- What the exercise asks
Below is a set of records; reproduce them exactly without their pictures.

Brief descriptive captions
'''

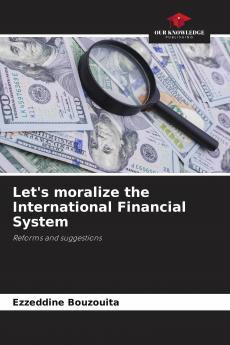 Let's moralize the International Financial System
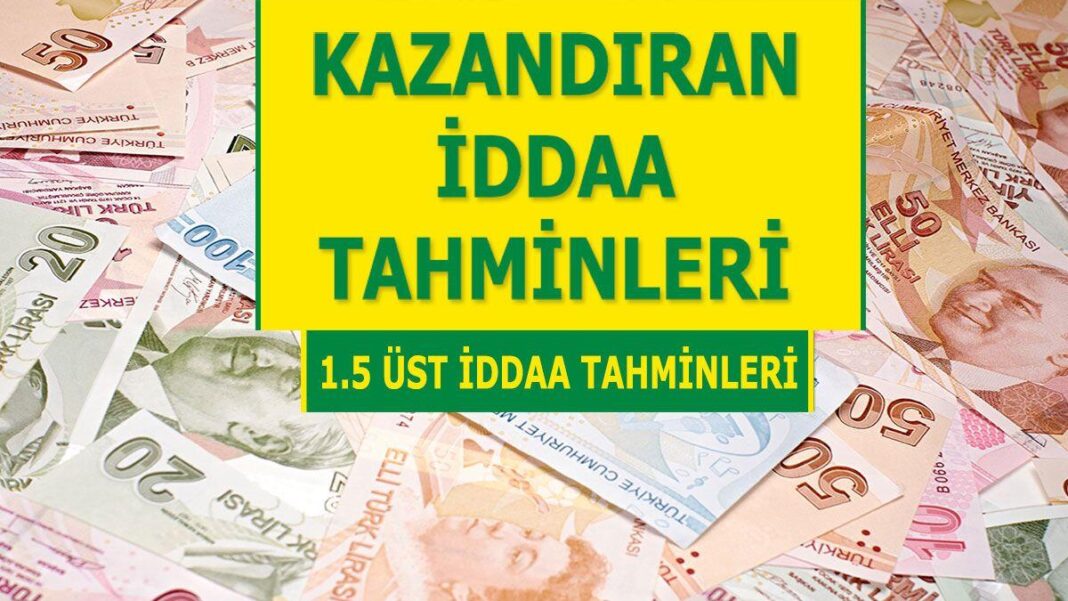 17 Haziran 2024 Pazartesi 1.5 Üst banko iddaa tahminleri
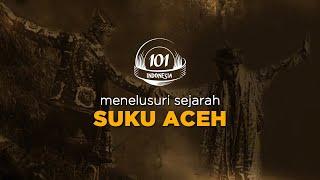 Sejarah Nusantara | Suku Aceh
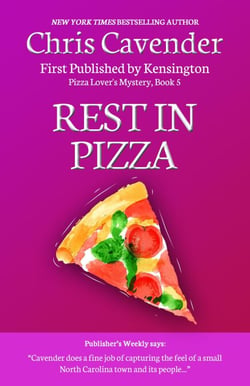 Rest In Pizza - The Pizza Mysteries, #5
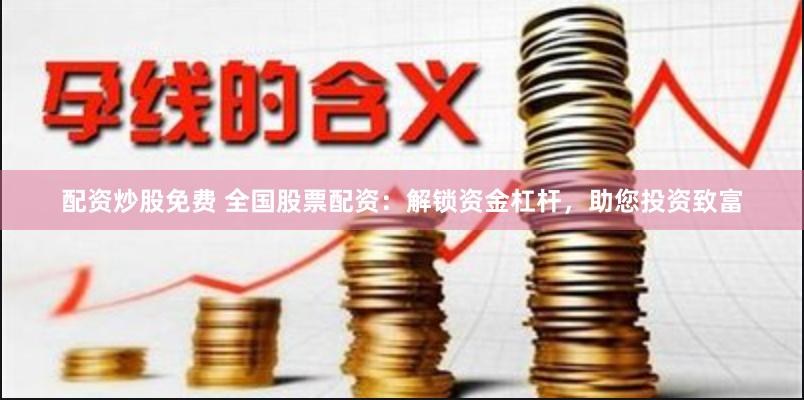 配资炒股免费 全国股票配资：解锁资金杠杆，助您投资致富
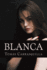 Blanca (Spanish Edition)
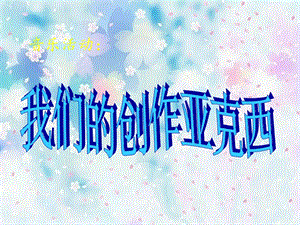 冀少版四年級上冊音樂《我們的創作亞克西》課件.ppt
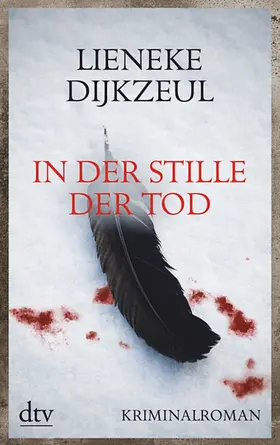 Dijkzeul | In der Stille der Tod | Buch | 978-3-423-21541-1 | sack.de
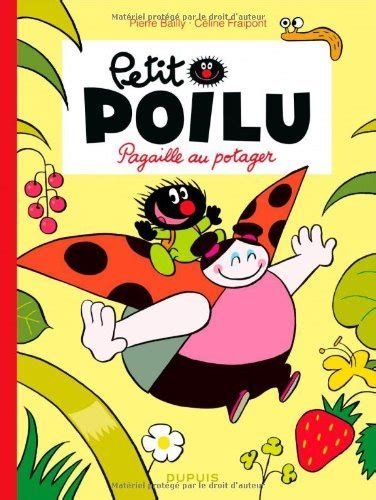 [9782800153049] Petit Poilu - Pagaille au potager - T3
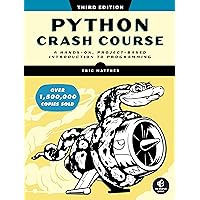 Python Crash Course, 3rd Edition: A Hands-On, Project-Based Introduction to Programming Python Crash Course, 3rd Edition: A Hands-On, Project-Based Introduction to Programming Paperback Kindle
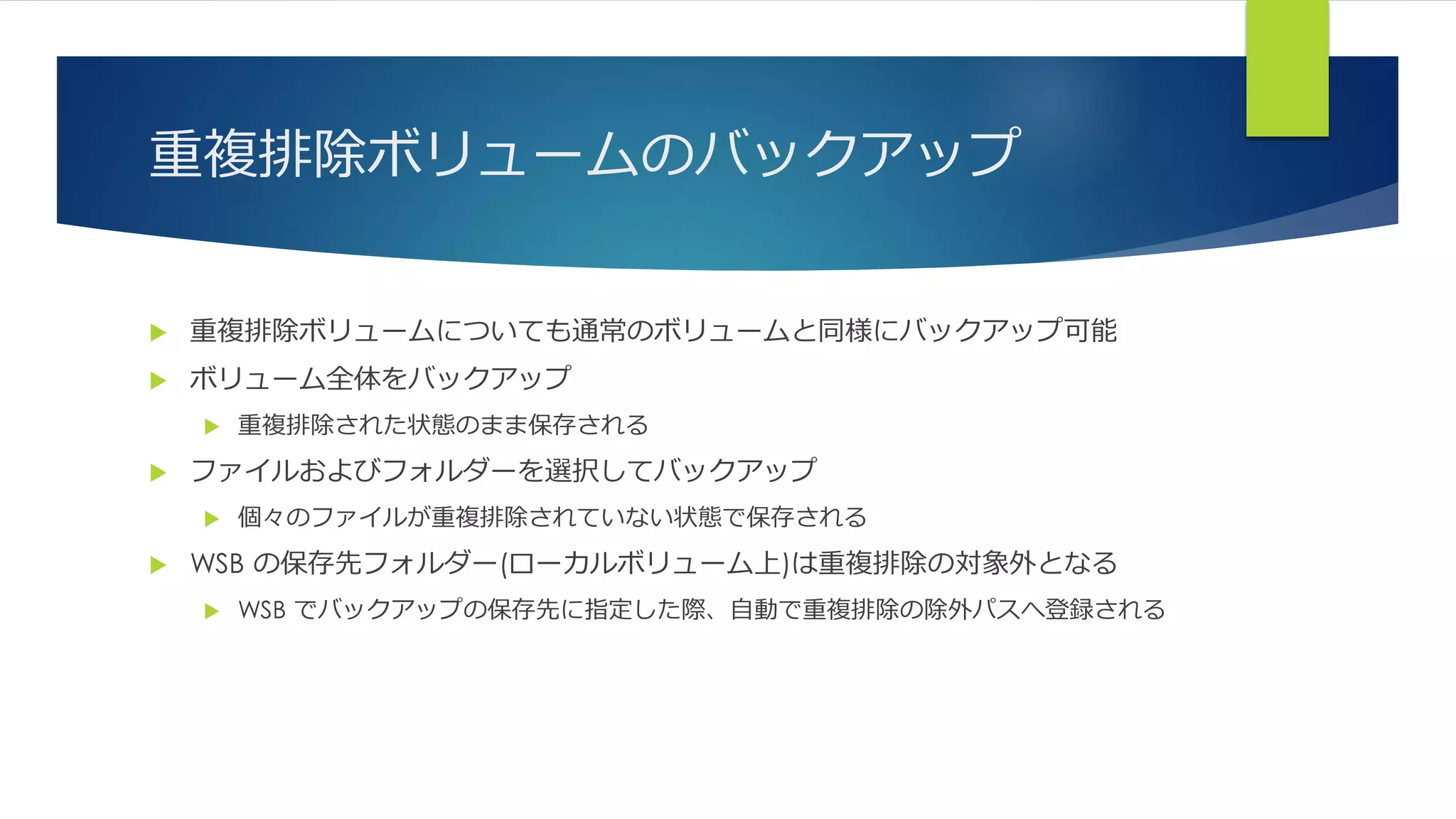 重複排除ボリュームのバックアップ
 重複排除ボリュームについても通常のボリュームと同様にバックアップ可能
 ボリューム全体をバックアップ
 重複排除された状態のまま保存される
 ファイルおよびフォルダーを選択してバックアップ
 個々のファイルが重複排除されていない状態で保存される
 WSB の保存先フォルダー(ローカルボリューム上)は重複排除の対象外となる
 WSB でバックアップの保存先に指定した際、自動で重複排除の除外パスへ登録される
 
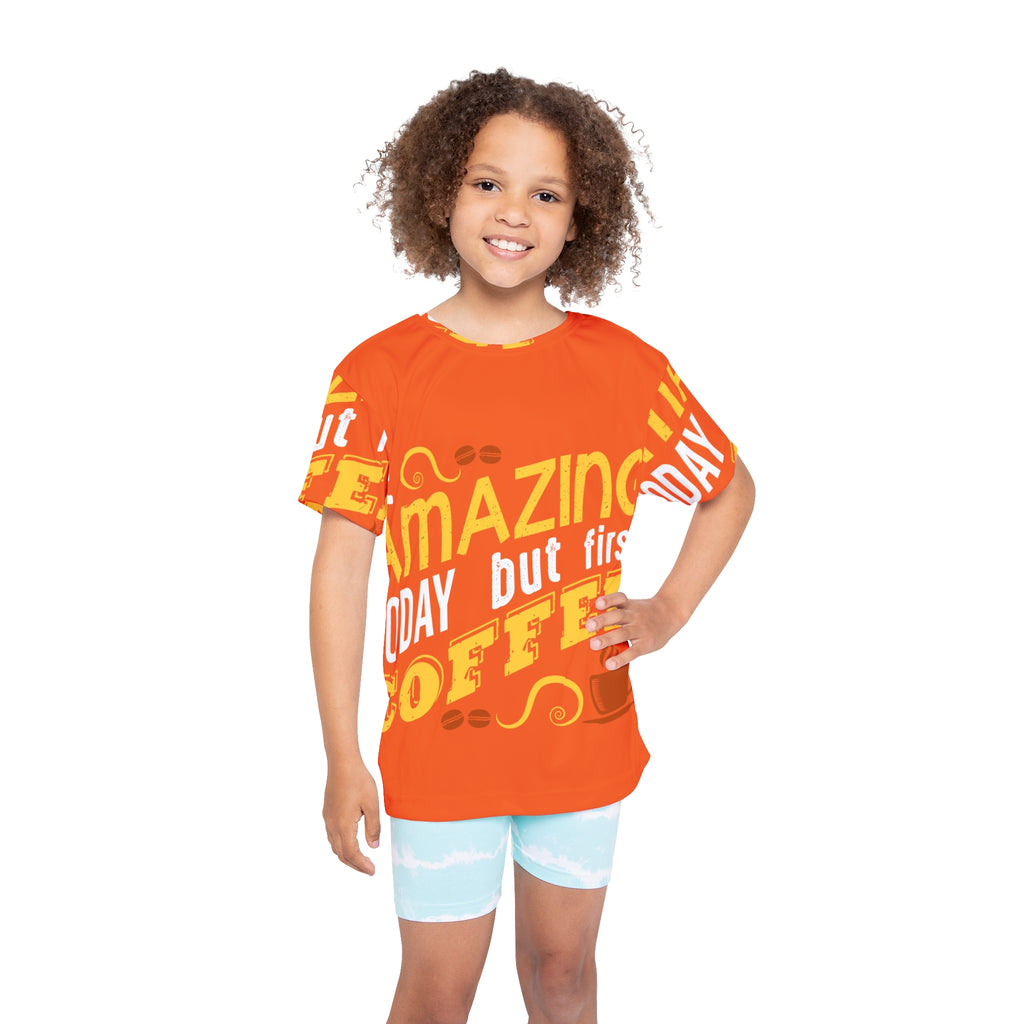Kids Jersey — "Be Amazing Today But First Coffee" Bright Orange Sports Tee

'''

- Solution
 Let's moralize the International Financial System
 17 Haziran 2024 Pazartesi 1.5 Üst banko iddaa tahminleri
 Sejarah Nusantara | Suku Aceh
 Rest In Pizza - The Pizza Mysteries, #5
 配资炒股免费 全国股票配资：解锁资金杠杆，助您投资致富
 Blanca (Spanish Edition)
 冀少版四年級上冊音樂《我們的創作亞克西》課件.ppt
 Dijkzeul | In der Stille der Tod | Buch | 978-3-423-21541-1 | sack.de
 [9782800153049] Petit Poilu - Pagaille au potager - T3
 Python Crash Course, 3rd Edition: A Hands-On, Project-Based Introduction to Programming Python Crash Course, 3rd Edition: A Hands-On, Project-Based Introduction to Programming Paperback Kindle
 重複排除ボリュームのバックアップ
 重複排除ボリュームについても通常のボリュームと同様にバックアップ可能
 ボリューム全体をバックアップ
 重複排除された状態のまま保存される
 ファイルおよびフォルダーを選択してバックアップ
 個々のファイルが重複排除されていない状態で保存される
 WSB の保存先フォルダー(ローカルボリューム上)は重複排除の対象外となる
 WSB でバックアップの保存先に指定した際、自動で重複排除の除外パスへ登録される
 
Kids Jersey — "Be Amazing Today But First Coffee" Bright Orange Sports Tee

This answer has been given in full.